According to a property research institute, negative gearing prioritises those who are “more affluent”, and should be reformed to allow for mum and dad investors to receive greater access to tax concessions.
However, the proposal from the Australian Housing and Urban Research Institute (AHURI) has not been received with open arms by industry players.
Responding to the AHURI report, released yesterday, the Housing Industry Association (HIA) said taxing investors is no solution to housing affordability.
AHURI suggested a means-tested approach to negative gearing, in which sophisticated investors receive less return – and as such incentive – than the ‘mum and dad’ investors.
The institute argued that this was a more politically palatable solution to the country-wide concern.
Researchers Alan Duncan, Helen Hodgson, John Minas, Rachel Ong and Richard Seymour said: “Negative gearing and CGT discount benefits are currently heavily skewed towards those who are more affluent, raising concerns around the extent to which such policies exacerbate income and wealth inequality among the Australian population.”
They continued, arguing that a “progressive rental deduction reform” in which ‘mum and dad’ investors have greater access to tax concessions than their ‘sophisticated’ counterparts based on income and wealth levels would cushion the lower-tier investors from serious financial hits.
Further, they said it would “moderate adverse impacts on their economic wellbeing in comparison to a blunt cap on rental deductions”.
“A progressive rental deduction reform has the potential to reduce inequities in the current negative gearing system by reducing tax savings by proportionately greater amounts for those with higher income or property asset levels,” the researchers said.
However, the principle economist at the HIA, Tim Reardon, disagreed.
“Any new taxes or changes to negative gearing will exacerbate the affordability challenge by discouraging investment in new housing, force up the cost of renting and make it harder for first home buyers and renters to get into a home,” he said.
“Increasing taxes on housing through additional stamp duty, means testing negative gearing or increasing capital gains tax, will create additional barriers to investing in residential property and so supply will fall.”
A fall in supply will mean prices for both renters and owner-occupiers will increase, he argued, calling for boosted supply.
“This involves adequate release of land for new dwellings including increasing the density of housing in metropolitan areas.
“Increasing the tax imposed on rental housing at a time when there is inadequate supply of rental accommodation will drive up rental prices further making it increasingly difficult for first home buyers to save a deposit.”
In an earlier statement, the HIA’s managing director Shane Goodwin said the current “crisis” is the result of 20 years of poor policy.
“For too long governments have chosen quick fix options to the very long-term problem of housing affordability. Australia needs brave and bold policies that go to the heart of the affordability problem,” Mr Goodwin said.
“We need to resume the discussion around tax especially where it cascades applies to land and housing and put an end to upfront taxes that are keeping so many first home buyers out of the market,” he continued, responding to a Grattan Institute report which called for an additional 50,000 properties to be built annually for the next decade, among other policy initiatives.

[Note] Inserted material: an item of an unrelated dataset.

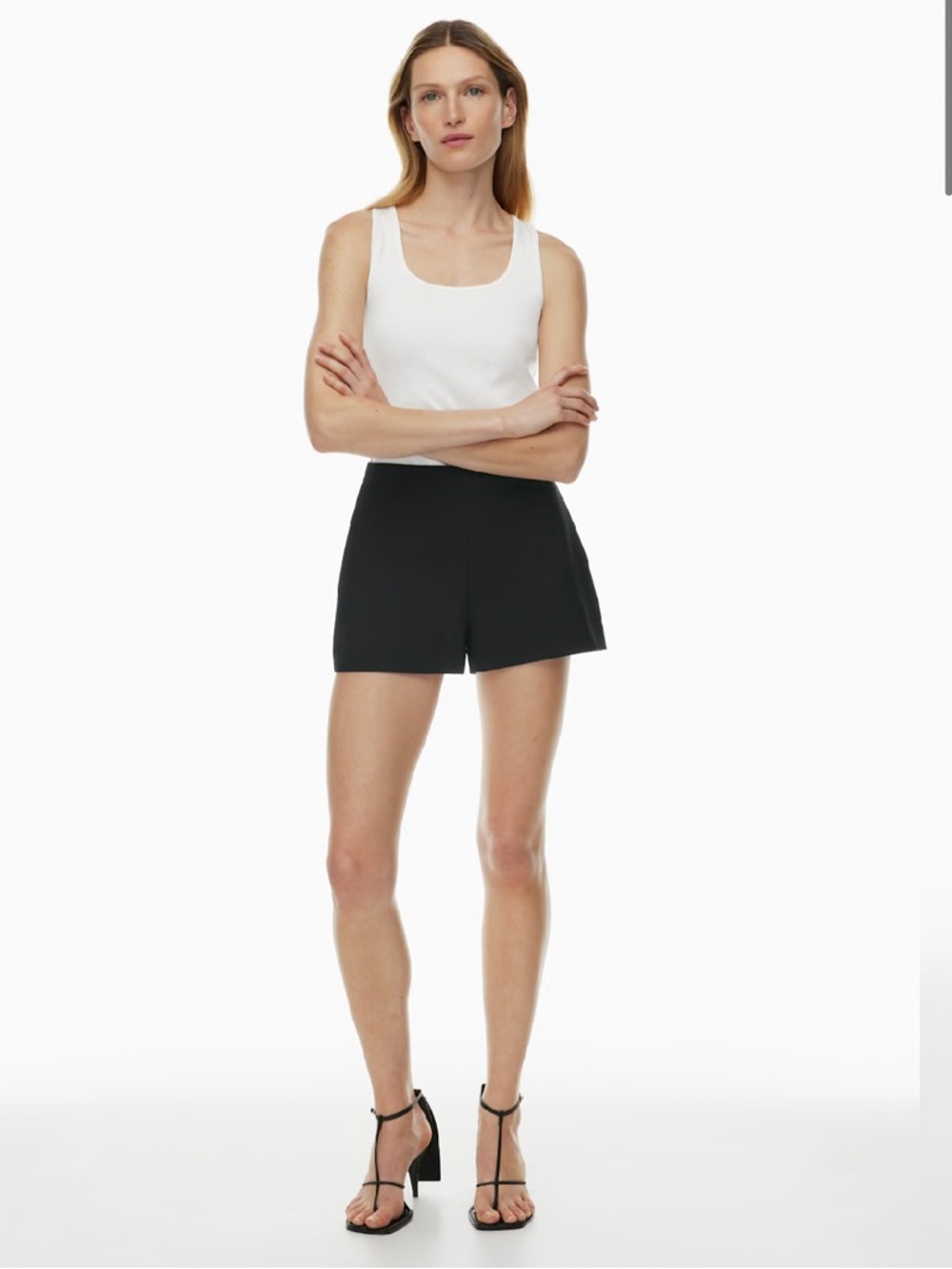 Aritzia Babaton Revelate Black Midrise Mini Short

“We need to get serious about planning reform, these things are the keys to solving housing affordability which have largely been overlooked by state and federal governments.”
According to a Real Estate Institute of Australia (REIA) and Adelaide Bank report, housing affordability has worsened, with the proportion of the average family income needed to cover the average loan repayment increasing by 1.3 per cent in the December 2017 quarter.
That means the proportion is now 31.6 per cent.
To REIA president Malcolm Gunning, the Grattan Institute report makes sense. However, building an extra 50,000 homes a year is not a simple prospect.
“We need to address this with some urgency and reform the planning and approval process. We need all tiers of government involved and implementing change,” Mr Gunning said.
“REIA believes a first step in this is the appointment of a minister of property services. This would also recognise the importance of the property sector as a driver of economic growth and employment.
“Property investment supported by historically low interest rates has been a significant contributor to growth in the Australian economy since 2013-14 as we transition away from a decade-long reliance on mining.”